● **Exercise details**
Note the line where "EKLEO et Proviridis" appears in the data below; write it out exactly, along with every line that comes after it to the end.

Items from a dataset:
************
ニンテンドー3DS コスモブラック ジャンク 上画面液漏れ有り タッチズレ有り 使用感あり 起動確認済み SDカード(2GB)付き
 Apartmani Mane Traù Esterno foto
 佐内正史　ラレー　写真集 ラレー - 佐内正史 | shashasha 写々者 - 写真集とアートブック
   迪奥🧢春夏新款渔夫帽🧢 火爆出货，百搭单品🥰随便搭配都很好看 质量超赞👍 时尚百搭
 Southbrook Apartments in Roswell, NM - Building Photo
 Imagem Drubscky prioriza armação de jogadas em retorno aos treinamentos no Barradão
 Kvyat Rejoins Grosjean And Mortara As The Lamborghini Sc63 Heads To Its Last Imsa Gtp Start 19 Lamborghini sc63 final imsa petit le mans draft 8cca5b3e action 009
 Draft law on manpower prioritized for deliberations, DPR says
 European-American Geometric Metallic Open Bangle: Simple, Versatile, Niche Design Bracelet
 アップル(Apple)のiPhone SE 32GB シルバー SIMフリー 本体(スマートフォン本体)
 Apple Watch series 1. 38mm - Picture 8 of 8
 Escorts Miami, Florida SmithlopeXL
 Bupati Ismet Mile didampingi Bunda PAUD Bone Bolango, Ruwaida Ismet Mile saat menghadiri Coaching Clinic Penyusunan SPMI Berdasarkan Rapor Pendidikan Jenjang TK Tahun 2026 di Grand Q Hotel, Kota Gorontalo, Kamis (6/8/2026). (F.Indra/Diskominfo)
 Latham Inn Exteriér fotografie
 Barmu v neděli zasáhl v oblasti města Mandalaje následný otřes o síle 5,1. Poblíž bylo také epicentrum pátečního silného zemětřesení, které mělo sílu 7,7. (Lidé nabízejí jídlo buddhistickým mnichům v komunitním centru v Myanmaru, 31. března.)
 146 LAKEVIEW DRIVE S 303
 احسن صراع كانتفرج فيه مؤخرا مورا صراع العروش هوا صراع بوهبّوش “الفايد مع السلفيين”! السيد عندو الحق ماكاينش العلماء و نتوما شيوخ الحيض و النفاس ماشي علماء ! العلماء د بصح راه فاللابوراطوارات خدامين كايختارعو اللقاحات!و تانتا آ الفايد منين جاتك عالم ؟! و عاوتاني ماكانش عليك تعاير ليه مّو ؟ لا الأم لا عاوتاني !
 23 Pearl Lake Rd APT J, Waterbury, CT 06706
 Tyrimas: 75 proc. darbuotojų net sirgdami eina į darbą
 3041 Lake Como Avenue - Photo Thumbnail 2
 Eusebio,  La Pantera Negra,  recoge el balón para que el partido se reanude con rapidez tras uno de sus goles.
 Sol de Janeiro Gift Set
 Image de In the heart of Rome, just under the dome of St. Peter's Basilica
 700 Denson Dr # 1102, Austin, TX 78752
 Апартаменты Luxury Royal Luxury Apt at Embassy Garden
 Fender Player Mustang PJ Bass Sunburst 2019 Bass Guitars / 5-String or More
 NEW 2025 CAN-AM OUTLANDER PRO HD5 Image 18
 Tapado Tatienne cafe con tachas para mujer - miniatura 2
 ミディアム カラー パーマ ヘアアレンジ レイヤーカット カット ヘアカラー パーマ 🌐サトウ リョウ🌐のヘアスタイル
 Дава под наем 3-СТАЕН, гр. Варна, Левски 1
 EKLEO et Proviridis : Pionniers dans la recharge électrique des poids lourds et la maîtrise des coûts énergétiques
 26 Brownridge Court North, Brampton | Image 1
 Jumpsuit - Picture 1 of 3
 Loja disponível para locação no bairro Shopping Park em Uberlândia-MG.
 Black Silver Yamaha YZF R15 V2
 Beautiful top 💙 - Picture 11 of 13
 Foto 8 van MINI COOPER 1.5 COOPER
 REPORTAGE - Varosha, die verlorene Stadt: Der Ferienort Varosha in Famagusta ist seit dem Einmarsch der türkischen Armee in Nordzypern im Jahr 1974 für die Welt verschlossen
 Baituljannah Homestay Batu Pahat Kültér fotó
************
● **Output for this exercise**
 EKLEO et Proviridis : Pionniers dans la recharge électrique des poids lourds et la maîtrise des coûts énergétiques
 26 Brownridge Court North, Brampton | Image 1
 Jumpsuit - Picture 1 of 3
 Loja disponível para locação no bairro Shopping Park em Uberlândia-MG.
 Black Silver Yamaha YZF R15 V2
 Beautiful top 💙 - Picture 11 of 13
 Foto 8 van MINI COOPER 1.5 COOPER
 REPORTAGE - Varosha, die verlorene Stadt: Der Ferienort Varosha in Famagusta ist seit dem Einmarsch der türkischen Armee in Nordzypern im Jahr 1974 für die Welt verschlossen
 Baituljannah Homestay Batu Pahat Kültér fotó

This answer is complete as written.